La colère d'Eric disparut aussi rapidement qu'elle était arrivée. Il adorait son esprit, mais le pragmatisme n'était définitivement pas l'un des points forts de Sookie. "Ne compte pas faire les yeux doux à Edgington, Sookie," lui expliqua-t-il. "Les femmes ne l'intéressent pas. Et si je flirtais avec lui, il se méfierait. Un vampire avec un vampire...c'est inhabituel. Edgington n'est pas né de la dernière pluie. Sinon, il ne serait pas arrivé là où il est. Son bras droit, Betty Joe, pourrait peut-être me trouver à son goût. Mais c'est une vampire aussi, et la même règle s'applique. Tu ne peux pas imaginer à quel point la fascination de Bill pour Lorena est étrange.
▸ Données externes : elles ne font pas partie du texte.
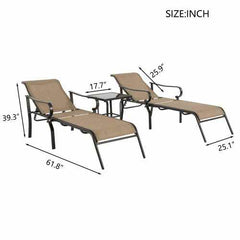 3-piece Set Of Terrace Lounge Chairs - Wild Gear Fusion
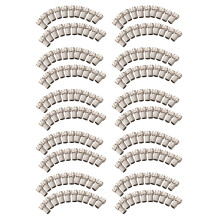 200Pcs CCTV RG6 F-Type Twist- Coax Coaxial Cable RF Connector Male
En fait, c'est très mal vu pour un vampire de fréquenter un autre vampire."
Bien que ça n'en empêchait pas certains de le faire; la reine de Louisiane elle-même était amoureuse d'un autre vampire, et Edgington était connu pour avoir des relations sérieuses avec d'autres rois. Ça ne dérangeait pas certains vampires de se rendre vulnérable et soumis comme un humain pourrait l'être. Un tel comportement chez un roi ou une reine était tout particulièrement de mauvais goût, mais ce n'était pas à lui de changer ça.
"Comment as-tu découvert tout ça?" lui demanda-t-elle.
"J'ai rencontré une jeune vampire, hier soir. Son petit ami a été invité aux soirées qu'Edgington donne chez lui."
"Oh, il est bi?"
Il n'avait ni le temps ni l'envie de lui expliquer que la plupart des créatures surnaturelles - et surtout les vampires - étaient bi. Quand quelqu'un vit pendant des siècles, ce genre de lignes finit par fondre. Comme leur humanité disparaissait, disparaissait aussi leur perception de race et de sexe...ainsi que toutes autre caractéristiques humaines. Il lui dit simplement, "C'est un loup-garou. J'en déduis qu'il est hybride à plus d'un titre."
"Je croyais que les vampires ne sortaient pas plus avec les loups-garous qu'avec ceux de leur propre espèce," lui dit-elle.
"C'est une petite perverse. Les jeunes aiment bien tenter de nouvelles expériences."
"Donc, si je te comprends bien, il faut que je me concentre sur la façon de parvenir à me faire inviter chez Edgington, puisque c'est le seul endroit de tout Jackson où Bill peut se trouver?"
Elle parlait toujours de Bill comme s'il était encore en vie. Si c'était ce qu'elle avait besoin de croire pour continuer à résoudre ce mystère, alors qu'il en soit ainsi. "Il est peut-être retenu ailleurs dans la ville...mais je ne le pense pas. Il y a très peu de chance." Même s'il était vivant, ils n'avaient aucune idée de l'état dans lequel il était. Il choisit prudemment ses mots. "Et n'oublie pas qu'ils le retiennent depuis des jours, maintenant."
"Je comprends," dit-elle en hochant la tête.
Debout là, dans son vieux pull, elle avait soudainement l'air aussi petite et fragile qu'elle l'était vraiment. Il tendit la main et attrapa l'une des siennes. "Fais-toi belle," lui dit-il avec un sourire. "On a des gens à séduire." Il manqua d'ajouter, "Ne t'inquiète pas, on le trouvera," mais il ne lui mentirait pas. Les platitudes n'étaient prononcées que pour les personnes trop faible pour affronter la vérité.
"Okay," dit-elle. Elle relâcha sa main et repoussa une mèche de cheveux derrière son oreille. "Je te verrais bientôt."
Il se glissa à nouveau par la fenêtre, et se fondit dans les ténèbres, maintenant illuminées par la pleine lune. Direction le Club Dead.